TRY IT = Produce as output only the lines below starting at the line with "Dream Big Little" and continuing through the line with "Contemporary Nordic Solid", each one exactly as written.

DATA TO PROCESS =
==============================

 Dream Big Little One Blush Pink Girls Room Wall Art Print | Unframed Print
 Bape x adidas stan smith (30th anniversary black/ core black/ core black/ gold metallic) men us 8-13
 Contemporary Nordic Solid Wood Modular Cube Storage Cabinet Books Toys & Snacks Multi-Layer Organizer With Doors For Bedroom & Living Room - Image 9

==============================

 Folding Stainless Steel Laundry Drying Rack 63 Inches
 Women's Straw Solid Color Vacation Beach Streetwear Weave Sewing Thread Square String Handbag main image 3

==============================

RESPONSE TO THE EXERCISE =
 Dream Big Little One Blush Pink Girls Room Wall Art Print | Unframed Print
 Bape x adidas stan smith (30th anniversary black/ core black/ core black/ gold metallic) men us 8-13
 Contemporary Nordic Solid Wood Modular Cube Storage Cabinet Books Toys & Snacks Multi-Layer Organizer With Doors For Bedroom & Living Room - Image 9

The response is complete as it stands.